1 files changed, 188 insertions, 32 deletions
diff --git a/Godeps/_workspace/src/golang.org/x/text/encoding/encoding.go b/Godeps/_workspace/src/golang.org/x/text/encoding/encoding.go
index 2f99a02ac..47fcd1fb1 100644
--- a/Godeps/_workspace/src/golang.org/x/text/encoding/encoding.go
+++ b/Godeps/_workspace/src/golang.org/x/text/encoding/encoding.go
@@ -5,12 +5,6 @@
 // Package encoding defines an interface for character encodings, such as Shift
 // JIS and Windows 1252, that can convert to and from UTF-8.
 //
-// To convert the bytes of an io.Reader r from the encoding e to UTF-8:
-//	rInUTF8 := transform.NewReader(r, e.NewDecoder())
-// and to convert from UTF-8 to the encoding e:
-//	wInUTF8 := transform.NewWriter(w, e.NewEncoder())

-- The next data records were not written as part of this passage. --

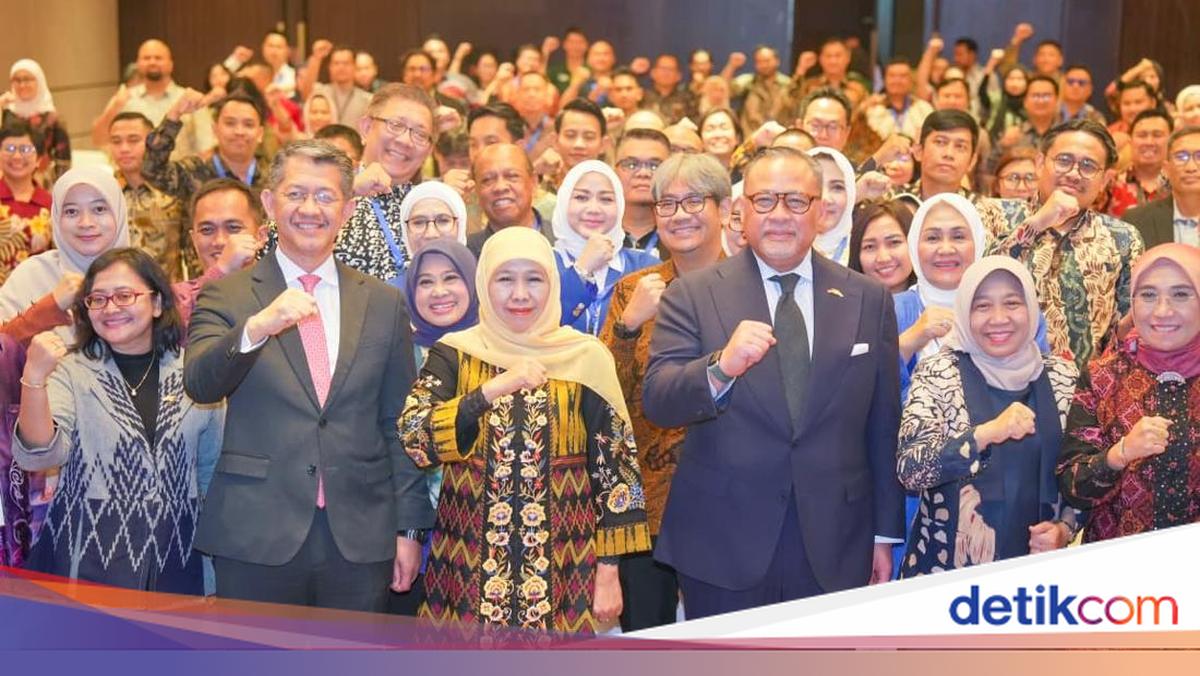 East Java Provincial Government Records Rp 15.25 Trillion in Transactions During Trade Mission with Malaysia
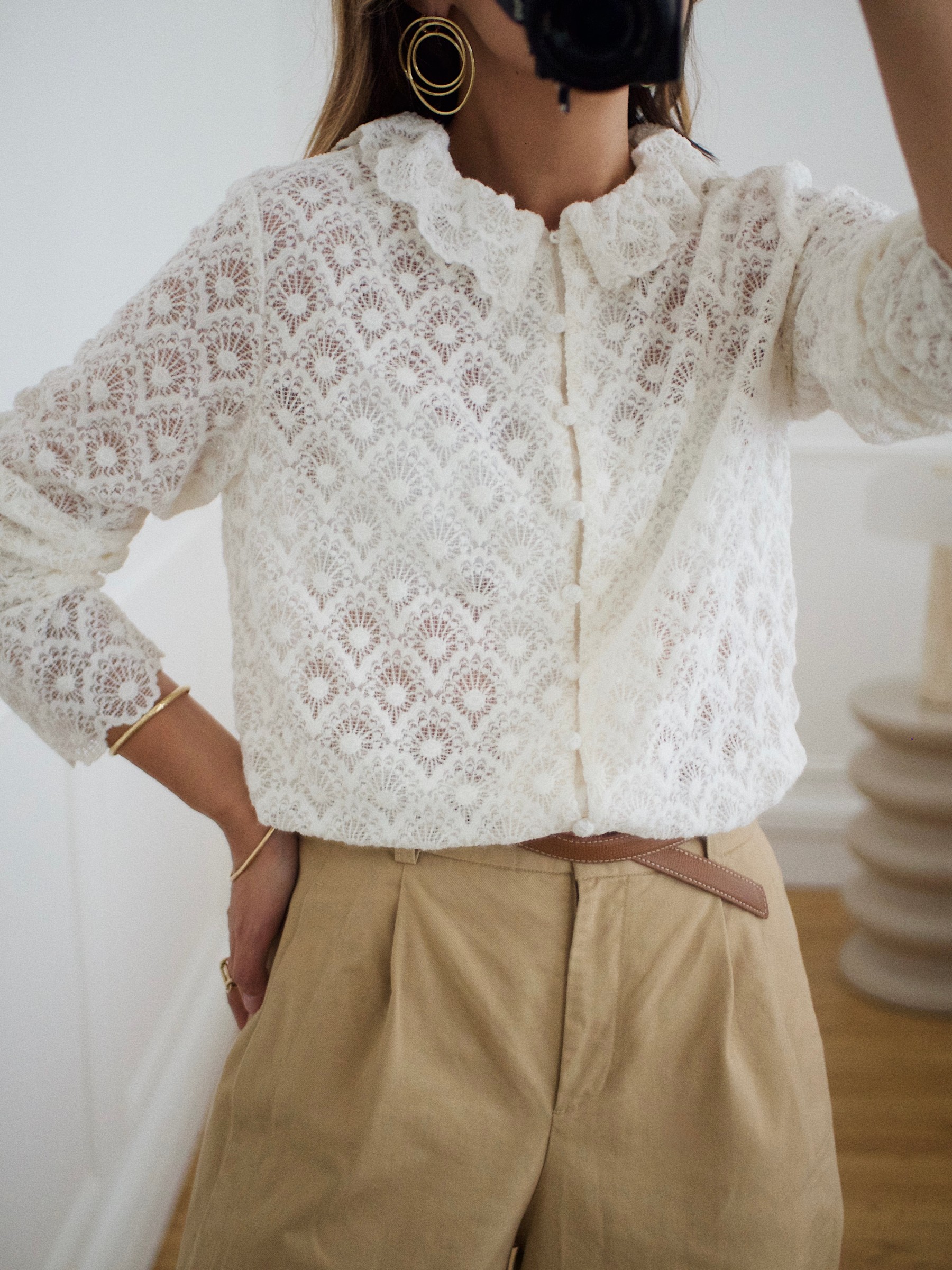 Blouse clemence 8 Blouse clemence 8
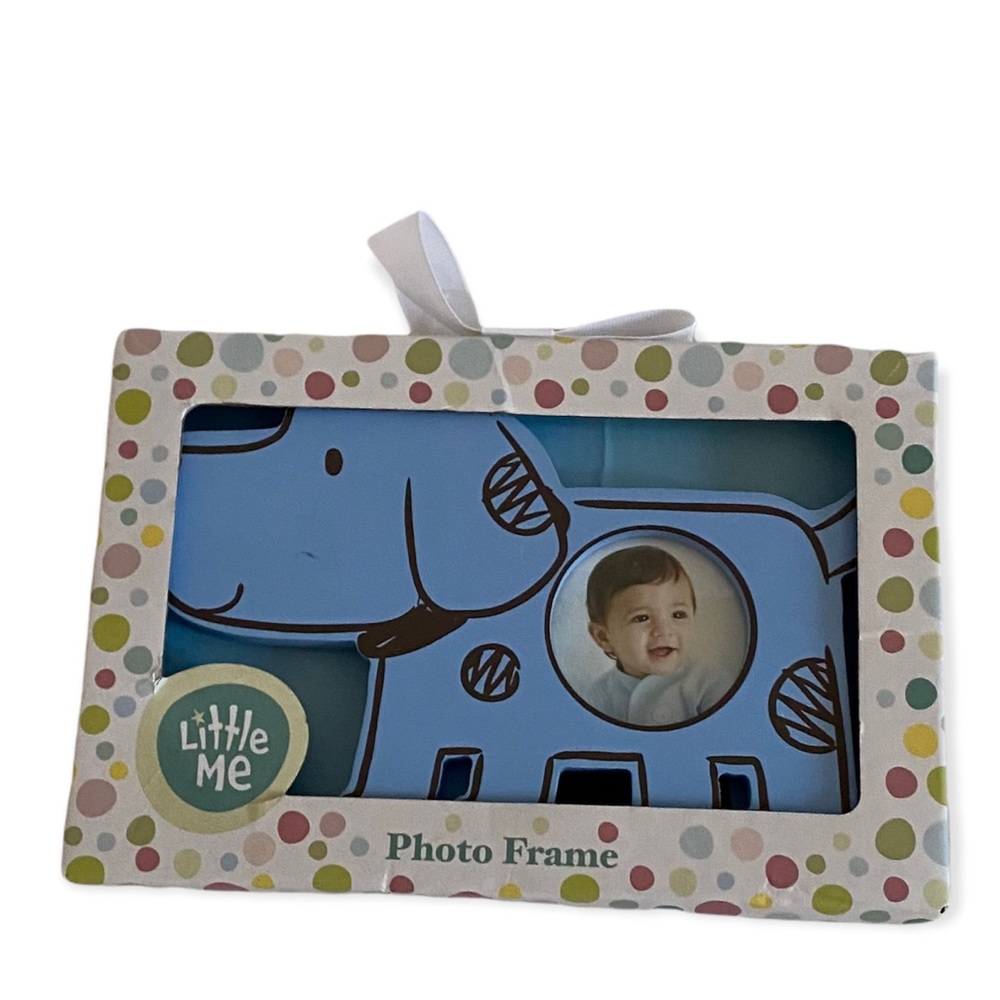 FREE With Any Purchase Little Me Baby Photo Frame
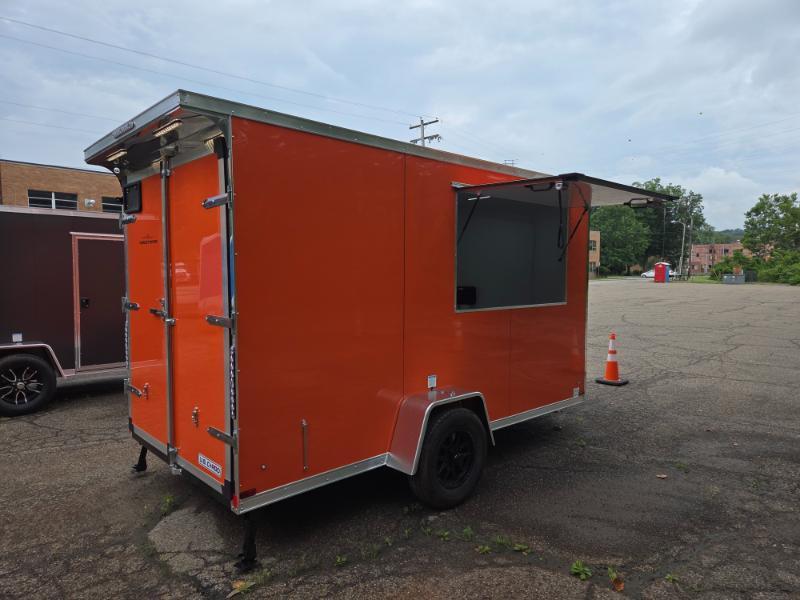US Cargo 6x12  2027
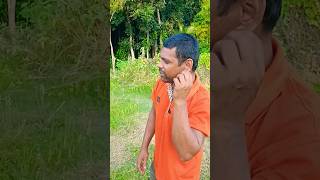 Ho Ya Main Premir ghater maji comedy amakeamarmotothaktedao comedyfilms funny [upl. by Esilec483]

-// In both cases, import "golang.org/x/text/transform".
-//
 // Encoding implementations are provided in other packages, such as
 // golang.org/x/text/encoding/charmap and
 // golang.org/x/text/encoding/japanese.
@@ -18,31 +12,115 @@ package encoding
 
 import (
 	"errors"
+	"io"
+	"strconv"
 	"unicode/utf8"
 
+	"golang.org/x/text/encoding/internal/identifier"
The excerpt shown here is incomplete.